Hacker News new | ask | show | jobs
by PaulHoule 999 days ago
I worked at a place where we had machine learning systems with a big pile of dependencies that pip could not consistently resolve, I figured out what most of the technical problems where but I was still struggling with wetware problems and they eventually put me on a Scala/Typescript project instead.

One big problem is that pip just starts downloading and installing things optimistically, it does not get a global view of the dependencies and if it finds a conflict it can't reliably back out from where it is and find a good configuration. The answer is to do what maven does or what conda does and download the dependency graph of all the matching versions and get a solve before before you start downloading. Towards the end of my time on that project I had built something that assembled a "wheelhouse" of wheels necessary to run my system and would install them directly.

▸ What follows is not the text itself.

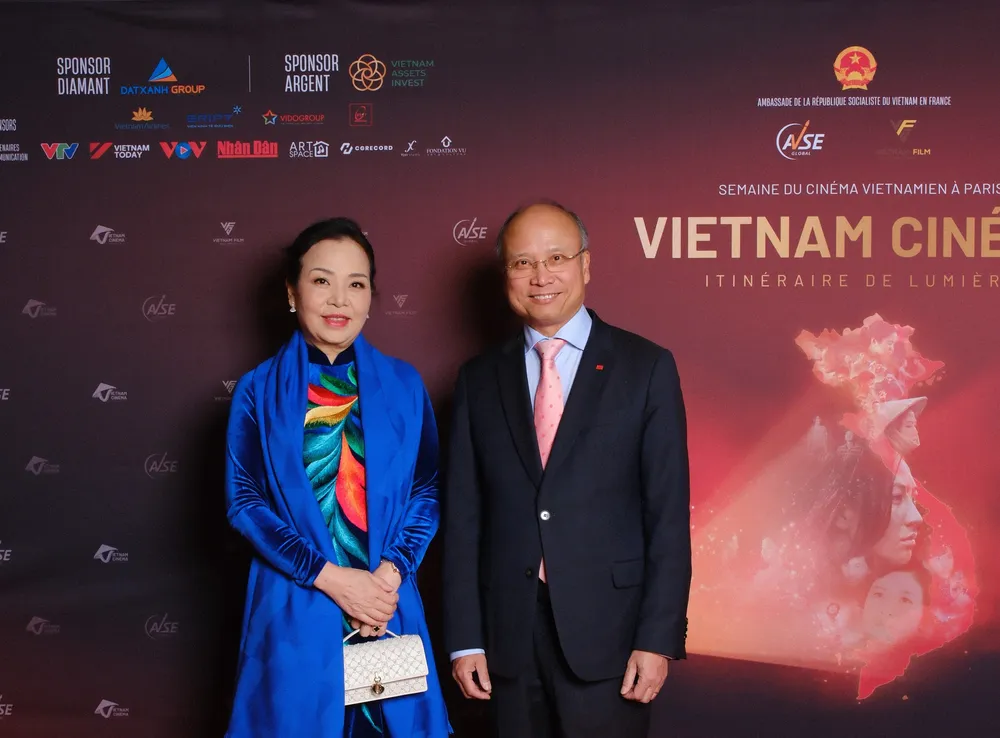 Dinh Toan Thang 대사와 VFDA 회장, 영화 주간 조직위원회 대표 Ngo Phuong Lan 여사 3 (3).JPG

What I figured out was that you could download just the dependencies from a wheel with 2 or 3 range requests because a wheel is just a ZIP file and you can download the header and the directory from the end of the file and then know where the metadata is and download just that. Recently pypi got some sense and now they let you download just the metadata.

And that's the story of Python packaging. Things are really going in the right direction but progress has been slow because the community has mistaken "98% correct" (e.g. wrong) with "has 98% of the features somebody might want" It might have been a lot better if somebody with some vision and no tolerance for ambiguity had gotten in charge a long time ago.

1 comments

A new dependency resolver was introduced [0] with pip 20.3 (in 2020) which sounds like it's meant to address the problem you're describing. Were you using an earlier version of pip or is this still a problem?

[0] https://pip.pypa.io/en/latest/user_guide/#changes-to-the-pip...